Moving beyond p-values to help school districts make smarter decisions

A blackboard with math equations

Imagine that your school district is about to adopt a new ed tech product. The senior decisionmakers in the district see themselves as data-driven leaders, so they consult research on the impact of the new product. Maybe they commission a pilot test of their own. But the research does not provide the clarity you hoped for. The outcomes for students or teachers who used the product look fine, but the analysts in the research office tell you that the impact estimates are not statistically significant. Something along the lines of p-values being too large, the sample too small, or the test inconclusive. So you go with your gut, or just ask some teachers if they enjoyed using the product to guide your decision. And you get discouraged and turned off from conducting pilots or using others’ quantitative research to decide what works in the future.

We might take away from this story that the research failed, but what failed was the interpretation of the research. The classical approach—commonly known as a frequentist approach—that every evaluator learned in graduate school involves formally testing if a null hypothesis is rejected with overwhelming evidence or equivalently constructing an oddly mysterious thing called a confidence interval, which can be a large and unhelpful range of numbers that almost certainly has the right answer in there somewhere.

This default approach often does not answer the questions district leaders are asking. There are other ways to analyze data and present results, and my colleagues and I have shown in an online experiment that simply altering the presentation of results changes the decisions that people make.

Bayesian interpretations of data align with natural inferences from data

What if we presented the same information differently? As one alternative to the commonly used significance test, a Bayesian approach to inference assesses the likelihood that a particular hypothesis is true, given the data we observe. Bayesian approaches are often more aligned with how people make inferences from evidence, and are thus aligned with school- and district-level leaders’ decisionmaking processes. (See this short video for an introduction to Bayesian methods.)

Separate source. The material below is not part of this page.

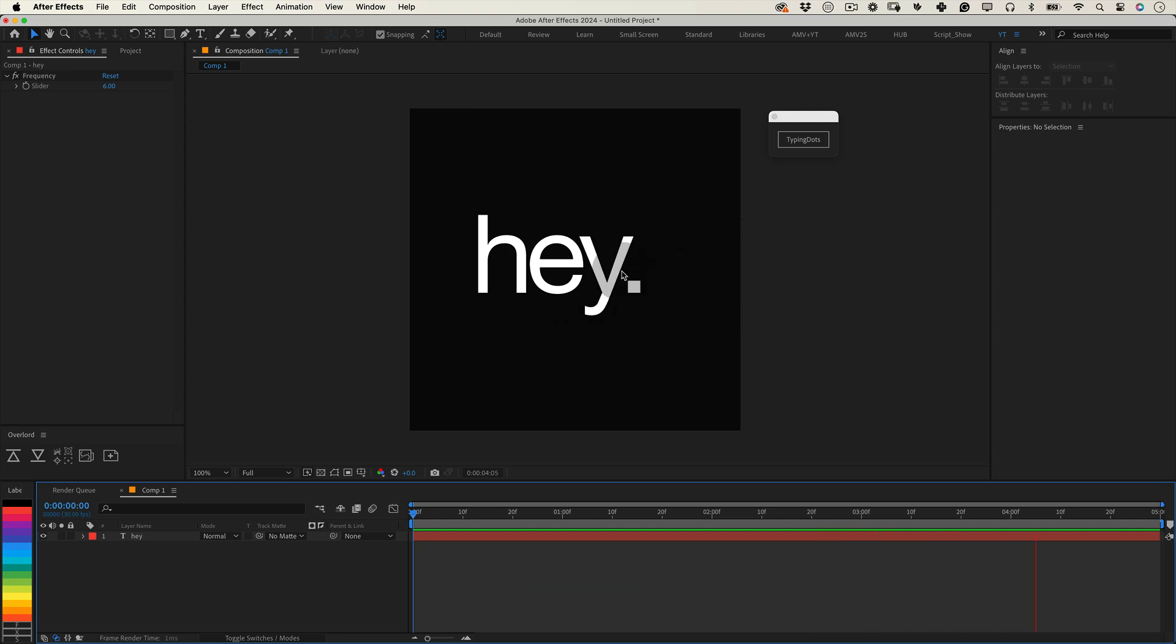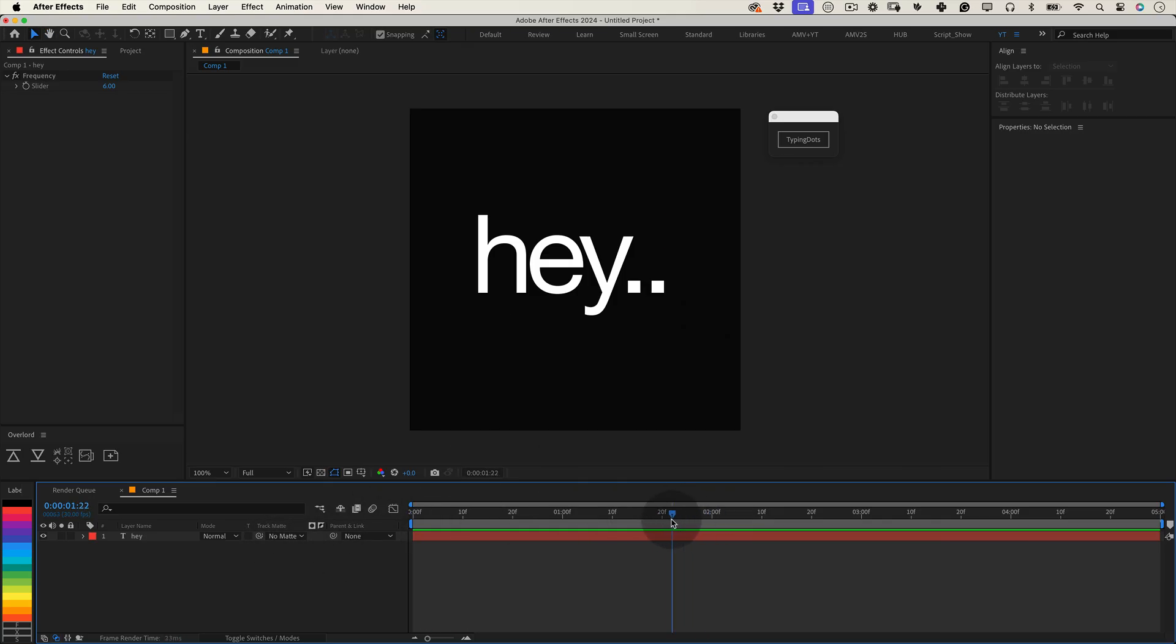Have you ever needed to create a Typing Dots animation? You know, the one where three little dots blink sequentially at the end of your text? And maybe you found yourself animating a bunch of masks, only to realize that if the text changes or you want to adjust the speed, it becomes a complete nightmare.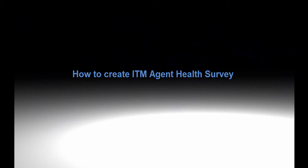Welcome to the Monitoring Academy and thank you for watching this video. My name is Jens Helbig and I am a Software Support Engineer at IBM. This video is showing you how you are able to create an ITM Agent Health Survey.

Using a Bayesian approach, we’d first estimate a distribution of the likelihood of different values of the effect of the technology. We then calculate the probability that the effect is larger than a particular threshold. For a pilot of a new ed tech product, we’d report the probability that the new technology has a positive impact relative to the status quo. This conveys that there is uncertainty in our estimate of the effect, but presents that uncertainty in a more intuitive way than notoriously misinterpreted p-values, the most widely used tool for determining statistical significance.

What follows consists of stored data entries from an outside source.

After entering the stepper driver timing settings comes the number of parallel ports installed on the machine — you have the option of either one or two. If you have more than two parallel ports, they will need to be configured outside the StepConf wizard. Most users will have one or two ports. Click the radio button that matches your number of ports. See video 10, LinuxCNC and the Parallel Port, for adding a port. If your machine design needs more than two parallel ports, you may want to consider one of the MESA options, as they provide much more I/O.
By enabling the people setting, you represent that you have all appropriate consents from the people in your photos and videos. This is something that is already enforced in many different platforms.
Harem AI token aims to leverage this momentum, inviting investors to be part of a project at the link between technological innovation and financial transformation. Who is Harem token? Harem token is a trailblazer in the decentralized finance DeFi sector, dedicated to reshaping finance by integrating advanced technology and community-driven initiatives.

My colleagues and I at Mathematica have been working closely with school districts as we developed the Ed Tech Rapid Cycle Evaluation Coach, a new toolkit designed to help school districts evaluate the effectiveness of the ed tech products they use in their schools. Our team hypothesized that people would make different decisions when the same results were presented with these two alternatives. To test this, we ran an online experiment based on the example introduced above.

Each participant went through two scenarios, one for math and one for reading, each presenting a new product for which there was some supportive evidence of improvement over business as usual. All participants saw a bar graph with the group averages (see figure below) and a statement describing the average difference: “Your data specialist tells you that on average, the students in the classrooms that used the new MathCoach software scored 10.31 points higher on the year-end tests than the students in the classrooms that used MathTech.”

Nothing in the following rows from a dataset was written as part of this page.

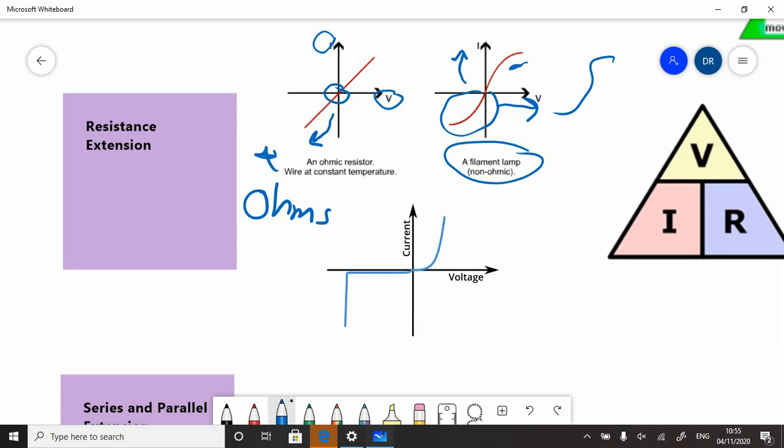However, not all devices are like that. Some devices called diodes give you a different pattern. Diodes, you might remember the symbol, is a circle with an arrow and a little stopper in front of it, and it indicates electricity can only go in one direction.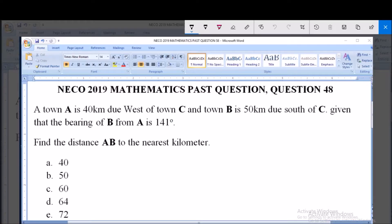Hello, good day and welcome. Today we're going to be solving NECO 2019 Mathematics past question, question 48. A town A is 40 kilometers due west of town C, and town B is 50 kilometers due south of C. Given that the bearing of B from A is 141 degrees, find the distance AB to the nearest kilometer. Options: A) 40, B) 50, C) 60, D) 64, E) 72.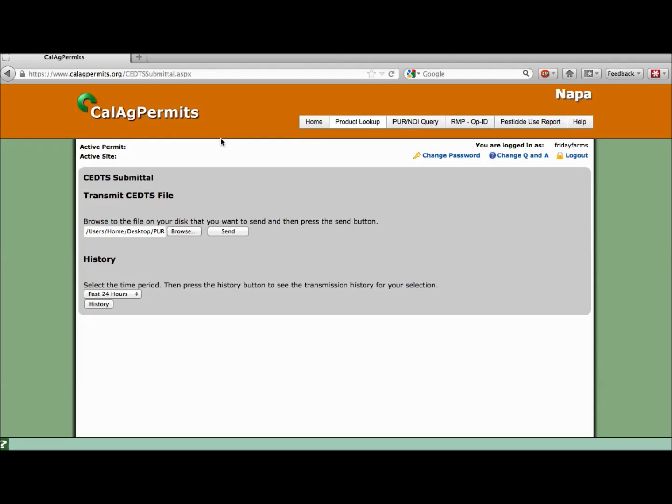You should see the file path listed in the box. CalAg permits now knows where to look for the file you want to upload. Let's do it. Press Send.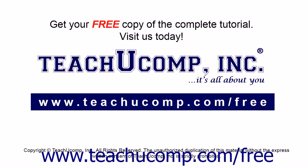Get your free copy of the complete tutorial at www.teachucomp.com forward slash free.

For one subject, they saw a frequentist interpretation: “The 95% confidence interval of the difference in test scores between the two groups of classrooms ranges from -19.01 to 39.65. The data specialist tells you that because the range of the confidence interval includes 0, they cannot reject the hypothesis that MathCoach has the same effect as MathTech.”

And for the other subject they saw a Bayesian interpretation: “There is a 77% chance that the new technology improves achievement, and a 23% chance that the new software decreases achievement.”

After each subject-specific scenario, we asked whether the participant would keep the existing technology, switch to the new one, or needed more information to decide. (For more information about the experiment, see our slides from a recent presentation at the Society for Research on Educational Effectiveness conference.)

Based on our experiment, people do make different decisions–participants are substantially and statistically significantly more likely to switch to the new technology when they see the Bayesian interpretation of the data, choosing the new technology 64 percent of the time versus 31 percent of the time when they see the more conventional frequentist framing. The underlying evidence is the same, so it’s interesting and perhaps alarming that the decisions are so different depending on the framing.

Different interpretation leads to different actions

Why does this matter? As schools and districts aim to use evidence and adopt evidence-based practices, one likely scenario is that current programs can remain in place unstudied while new programs are held to higher evidence standards. This gives current programs an advantage and that advantage is intensified if the default presentations of evidence nudge decisionmakers towards inaction.

In this case, we chose to present findings that are weakly positive. With my set of preferences and my interpretation of the scenario, switching is the right choice, but it would not be the right choice for everyone. Whether it’s the right decision depends on many factors, including transition costs and local preferences. To support good decisionmaking, it’s important to consider exactly how evidence will be interpreted under different framings and to strive to provide rigorous, relevant, and actionable information, tailored to the questions at hand.

This initial experiment is just a start in this direction. Our goal was to see whether there was any support for our hunch that simply changing the presentation can influence how evidence is translated into decisions. This study has many limitations—we used a convenience sample, obtained through Amazon’s Mechanical Turk, used a particular set of findings that implied that switching is the “right” choice, and tested only a few different presentations. Further work will examine different ways of presenting both traditional and Bayesian results and will vary the magnitude of the differences between groups and the level of confidence in the inferences.

Our experiment focused on the ability of Bayesian inference to provide results in intuitive probability statements. Bayesian approaches also provide a framework for rigorously combining evidence from multiple sources, can improve inference and precision in small samples, and can be used adaptively to learn more quickly what works and for whom in prospective studies (see this video for an overview of adaptive randomization). These methods should be part of our toolkit as we work to provide educators and policymakers with rigorous evidence, and I’m excited that Mathematica is investing in understanding how and when to best use them.